A north-east lifeboat station has marked the 46th anniversary of a tragic tragedy that killed five men at sea.
Fraserburgh’s The Duchess of Kent lifeboat set off in a fierce storm to help a Danish fishing boat, the Opal, in January 21, 1970.
But it was hit by a huge wave en-route and overturned 58km off the coast of the port.
Of the six men on board, only one survived.
John Stephen, 45, and his team – engineer Fred Kirkness, 56, James Buchan, 29, William Hadden, 34, and James Slessor Buchan, 48 – were all lost at sea.
The only survivor was second engineer John Jackson Buchan.
At a poignant ceremony to mark almost 50 years since their crew mates’ tragic deaths, Fraserburgh Lifeboat’s current crew placed a wreath on the station’s memorial statue and took a few moments to reflect on the devastation caused to so many that fateful night.
Coxswain Victor Sutherland said it was important that the town never forgot the sacrifices crews have made to save lives at sea.
“It’s in the history of the town,” he said.

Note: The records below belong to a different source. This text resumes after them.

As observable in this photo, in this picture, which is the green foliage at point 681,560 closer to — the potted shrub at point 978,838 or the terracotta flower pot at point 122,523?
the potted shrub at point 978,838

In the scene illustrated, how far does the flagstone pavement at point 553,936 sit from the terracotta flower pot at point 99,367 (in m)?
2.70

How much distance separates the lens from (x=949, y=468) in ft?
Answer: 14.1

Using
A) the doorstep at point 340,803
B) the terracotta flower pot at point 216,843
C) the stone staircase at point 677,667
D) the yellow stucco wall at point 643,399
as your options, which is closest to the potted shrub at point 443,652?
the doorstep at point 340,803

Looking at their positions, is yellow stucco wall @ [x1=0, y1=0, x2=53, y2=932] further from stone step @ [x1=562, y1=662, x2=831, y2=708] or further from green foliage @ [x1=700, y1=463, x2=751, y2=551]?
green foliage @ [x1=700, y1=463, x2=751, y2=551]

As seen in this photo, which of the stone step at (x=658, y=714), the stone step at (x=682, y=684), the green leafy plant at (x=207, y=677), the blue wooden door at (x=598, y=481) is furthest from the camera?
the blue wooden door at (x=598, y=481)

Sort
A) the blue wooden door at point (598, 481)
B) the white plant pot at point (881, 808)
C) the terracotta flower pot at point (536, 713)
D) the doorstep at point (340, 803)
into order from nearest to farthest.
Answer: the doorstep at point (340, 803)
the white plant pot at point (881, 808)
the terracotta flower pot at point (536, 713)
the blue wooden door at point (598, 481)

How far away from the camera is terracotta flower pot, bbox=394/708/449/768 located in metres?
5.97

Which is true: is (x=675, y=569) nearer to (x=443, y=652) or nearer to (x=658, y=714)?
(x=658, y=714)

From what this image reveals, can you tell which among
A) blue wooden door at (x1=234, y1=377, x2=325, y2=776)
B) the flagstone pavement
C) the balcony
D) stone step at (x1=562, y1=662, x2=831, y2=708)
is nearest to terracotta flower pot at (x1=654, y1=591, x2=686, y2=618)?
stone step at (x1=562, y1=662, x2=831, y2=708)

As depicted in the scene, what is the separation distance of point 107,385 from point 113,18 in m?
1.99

“It’s probably fresh in a lot of peoples’ memories – five men lost their lives. They were volunteers and it’s the last thing you expect to happen when you’re racing out, but it’s a big part of our heritage. They will never be forgotten about.

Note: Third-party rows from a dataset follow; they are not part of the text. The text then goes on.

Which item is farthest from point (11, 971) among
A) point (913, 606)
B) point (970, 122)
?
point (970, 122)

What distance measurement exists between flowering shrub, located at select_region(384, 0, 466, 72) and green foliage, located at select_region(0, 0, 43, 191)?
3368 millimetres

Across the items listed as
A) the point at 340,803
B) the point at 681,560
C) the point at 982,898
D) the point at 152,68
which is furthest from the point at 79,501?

“You can’t really comprehend something like that happening in a community like Fraserburgh, and whether there’s a lifeboat in the town or not, they will always be there. It’s something we can’t forget about because it’s in our ethos – ordinary men doing their complete best to help a stranger at sea.
“Those five lads paid the ultimate sacrifice.”
At a memorial ceremony in 2010, chaplain to the Fraserburgh lifeboat station, the Rev Peter Park, led a short dedication service to the men who died.
A wreath was then laid on the water.